Hier scheint der Ansatz der Piraten mit ihrem Antrag „Berlins Dächer frei für WLAN“ den richtigen Weg aufzuzeigen, zumal durch einen freien Zugang zum WLANNetz gleichzeitig bürgerschaftliches Engagement für Informationsfreiheit unterstützt und gestärkt wird. Da ist es schon im Sinne des Antrags der Piraten eine Überlegung wert, ob die Dächer der öffentlichen Gebäude neben den kommerziellen Anbietern einer nichtkommerziellen Initiative für Freifunk zur Verfügung gestellt werden können, einer Initiative, die sich u. a. zum Ziel setzt, der digitalen Spaltung entgegenzuwirken.

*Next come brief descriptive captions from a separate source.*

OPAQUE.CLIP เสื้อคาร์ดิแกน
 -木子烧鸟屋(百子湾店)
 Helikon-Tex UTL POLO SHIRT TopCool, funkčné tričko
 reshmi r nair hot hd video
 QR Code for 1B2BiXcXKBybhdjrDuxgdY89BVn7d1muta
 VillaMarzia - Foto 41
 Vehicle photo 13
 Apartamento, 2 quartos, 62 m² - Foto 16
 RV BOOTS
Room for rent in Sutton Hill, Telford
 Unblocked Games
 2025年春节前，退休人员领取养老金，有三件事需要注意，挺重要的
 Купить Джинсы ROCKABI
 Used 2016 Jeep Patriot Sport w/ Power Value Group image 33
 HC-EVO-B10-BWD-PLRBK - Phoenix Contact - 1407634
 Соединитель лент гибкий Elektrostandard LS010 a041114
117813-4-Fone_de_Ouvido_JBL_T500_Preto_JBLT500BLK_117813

Der Senat verfolgt zurzeit ein anderes, zu begrenztes Konzept. Dieses Konzept setzt darauf, dass Bedingungen und Voraussetzungen für Privatinvestoren geschaffen werden, die sich in der Logik wirtschaftlich tragen müssen. Genau daran ist bisher die Umsetzung eines flächendeckenden WLAN-Netzes gescheitert. Letztendlich können solche Modelle darauf hinauslaufen, dass der Zugang zu flächendeckenden WLAN-Netzen doch nur über Entgeltzahlung möglich ist. Seit Jahren versucht der Senat,

mit privaten Investoren ein flächendeckendes WLANNetz zu installieren und steckt dabei doch noch immer in den Anfängen. Viele Bürgerinnen und Bürger, die Freifunker, sind da schon weiter. Im Rahmen eines Freifunks vernetzen sie sich selbst mit anderen – und das unabhängig von wirtschaftlichen Interessen.

Im Ausschuss für digitale Verwaltung, Datenschutz und Informationsfreiheit hat der Senat berichtet, dass er mit der Firma Wall AG im Gespräch über ein offenes und freies WLAN ist. Dabei wurde schon deutlich, dass die Firma Wall AG für solch ein Netz vom Senat eine Gegenleistung erwartet – Stichwort: Modernisierung von Wartehallen, Werberechtsverträge.

Interessant ist in diesem Zusammenhang auch, dass sich der Datenschutzbeauftragte zu Wort gemeldet und darauf verwiesen hat, dass er eine Prüfung des Angebots der Wall AG eingeleitet hat. Um den Zugang zum WLANNetz zu erhalten, müssen die Nutzer eine App herunterladen und sich mit dieser für die Nutzung anmelden. Dabei besteht die Möglichkeit, dass Nutzerdaten erhoben und gespeichert werden.